[RFC PATCH v2] Utilize the PCI API in the TTM framework.

Tue Jan 11 08:59:54 PST 2011

> >> Another thing that I was thinking of is what happens if you have a
> >> huge gart and allocate a lot of coherent memory. Could that
> >> potentially exhaust IOMMU resources?
> >
> > <scratches his head>
> >
> > So the GART is in the PCI space in one of the BARs of the device right?
> > (We are talking about the discrete card GART, not the poor man AMD IOMMU?)
> > The PCI space is under the 4GB, so it would be considered coherent by
> > definition.
> 
> GART is not a PCI BAR; it's just a remapper for system pages.  On
> radeon GPUs at least there is a memory controller with 3 programmable
> apertures: vram, internal gart, and agp gart.  You can map these

To access it, ie, to program it, you would need to access the PCIe card
MMIO regions, right? So that would be considered in PCI BAR space?

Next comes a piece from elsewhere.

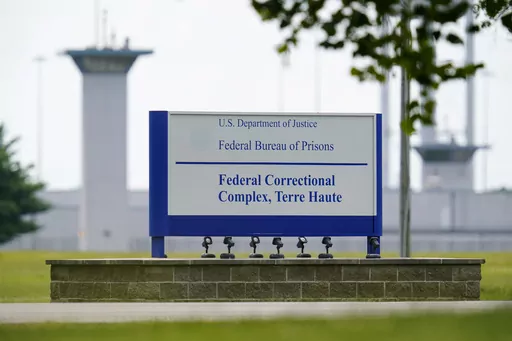 A sign is displayed at the federal prison complex in Terre Haute, Ind., on Aug. 28, 2020. A judge tossed 49-year-old Bruce Webster's death sentence in accordance with a 2002 Supreme Court decision that executing anyone with an intellectual disability violated Eight Amendment protections against “cruel and unusual” punishment. But Justice Department still hasn’t authorized his transfer to a less restrictive unit. (AP Photo/Michael Conroy, File)
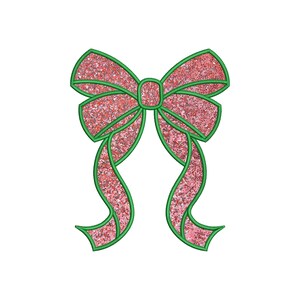 May include: A pink glitter bow with green outlines. The bow is tied with two long tails.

> resources whereever you want in the GPU's address space and then the
> memory controller takes care of the translation to off-board resources
> like gart pages.  On chip memory clients (display controllers, texture
> blocks, render blocks, etc.) write to internal GPU addresses.  The GPU
> has it's own direct connection to vram, so that's not an issue.  For
> AGP, the GPU specifies aperture base and size, and you point it to the
> bus address of gart aperture provided by the northbridge's AGP
> controller.  For internal gart, the GPU has a page table stored in

I think we are just talking about the GART on the GPU, not the old AGP
GART.

> either vram or uncached system memory depending on the asic.  It
> provides a contiguous linear aperture to GPU clients and the memory
> controller translates the transactions to the backing pages via the
> pagetable.

So I think I misunderstood what is meant by 'huge gart'. That sounds
like linear address space provided by GPU. And hooking up a lot of coherent
memory (so System RAM) to that linear address space would be no different that what
is currently being done. When you allocate memory using page_alloc(GFP_DMA32)
and hook up that memory to the linear space you exhaust the same amount of
ZONE_DMA32 memory as if you were to use the PCI API. It comes from the same
pool, except that doing it from the PCI API gets you the bus address right
away.